A Corte reformou a sentença de primeira instância, rejeitou o parecer da Procuradoria Regional Eleitoral e aplicou multa de R$ 15 mil à prefeita.
O relator Francisco Thomaz Telles votou que as supostas irregularidades ocorreram antes de 13 de fevereiro, data da resolução do tribunal sobre condutas vedadas, e afirmou que pequenas diferenças em eleições não configuram "prova automática".

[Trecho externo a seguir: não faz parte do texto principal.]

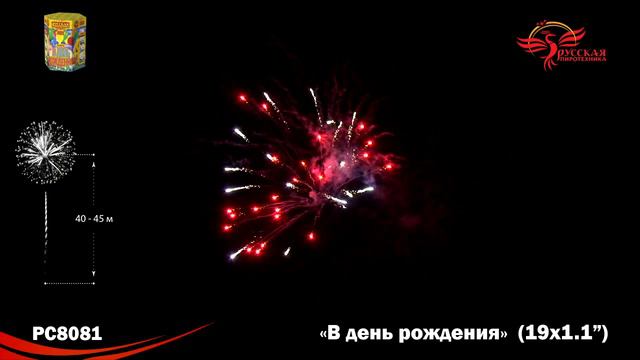 РС8081 В день рождения (1,1 х 19) смотреть онлайн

A ação (AIJE) foi movida por Cláudia Azevedo (PV); o promotor com parecer inicial foi Bill Jerônimo Scherer, e a juíza de primeira instância que cassou a chapa foi Suélen Caetano de Oliveira.
A acusação apontou "apropriação promocional" e "encenação eleitoral" em dois vídeos do Instagram de Jussara: um sobre limpeza urbana com o bordão "Aqui é trabalho!" e outro gravado na cabine de uma retroescavadeira no Arroio Passinhos após as cheias de 2024.
A Procuradoria Regional Eleitoral, representada pelo procurador Antônio Carlos Welter, também sustentou que a margem de vitória de 530 votos e o uso da imagem das obras romperam a igualdade do pleito.
A defesa — Caetano Cuervo Lo Pumo, Tania Regina Maciel Antunes, Everson Alves dos Santos e Renata Aguzzolli Proença — argumentou que as intervenções urbanas eram reais, veiculadas em perfis pessoais, sem uso de verbas públicas, canais oficiais ou pedido explícito de voto.
A absolvição evita posse interina do presidente da Câmara, Gilson Stuart (Republicanos), e a convocação de eleição suplementar em 180 dias, caso a cassação tivesse sido mantida.
A gestão municipal agora tem margem institucional para planejar ações nas áreas urgentes apontadas pela cidade: saúde, infraestrutura e contenção de cheias.
R$ 15.000 — multa aplicada à prefeita
530 votos — margem de vitória alegada na contestação
"Pequenas diferenças em eleições não configuram 'prova automática'", declarou o relator Francisco Thomaz Telles durante o voto.
O próximo passo é a gestão de Jussara e Mano retomar planejamento e execução de obras e serviços sem a ameaça imediata de afastamento.